DIRECTIONS:
Could you please transcribe the data exactly, without the pictures?

DATA FOR PROCESSING:
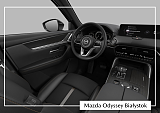 Mazda CX-80 - Kolor Soul Red Crystal, zdjęcie 8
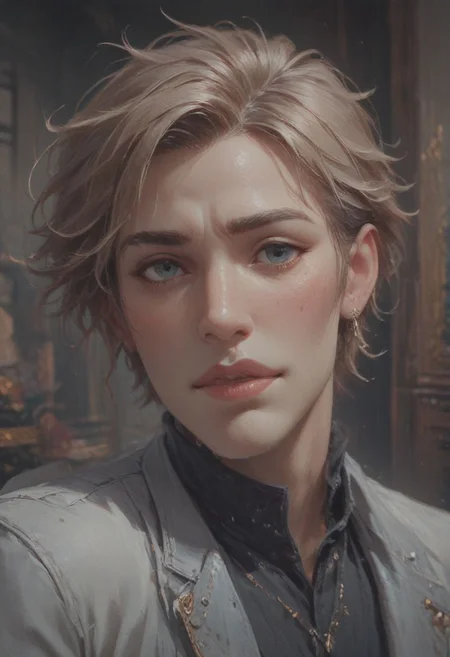score_9, score_8_up, score_7_up, score_6_up, score_5_up, score_4_up, high quality, highly detailed, Expressiveh,
1boy, happy
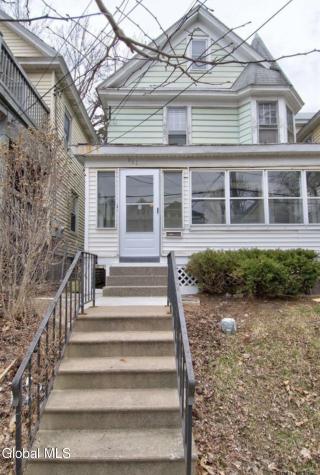 661 Myrtle Avenue Albany NY 12208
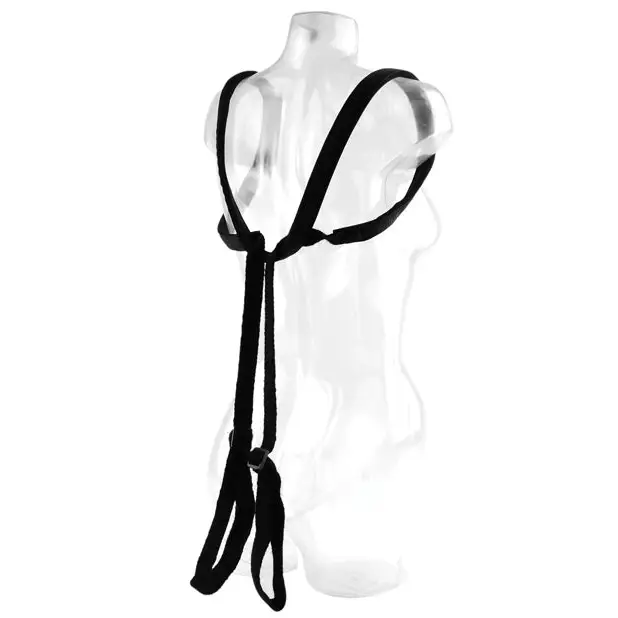 Fetish Fantasy Series Giddy Up Harness - Position Aids & Swings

EXERCISE RESULT:
 Mazda CX-80 - Kolor Soul Red Crystal, zdjęcie 8
score_9, score_8_up, score_7_up, score_6_up, score_5_up, score_4_up, high quality, highly detailed, Expressiveh,
1boy, happy
 661 Myrtle Avenue Albany NY 12208
 Fetish Fantasy Series Giddy Up Harness - Position Aids & Swings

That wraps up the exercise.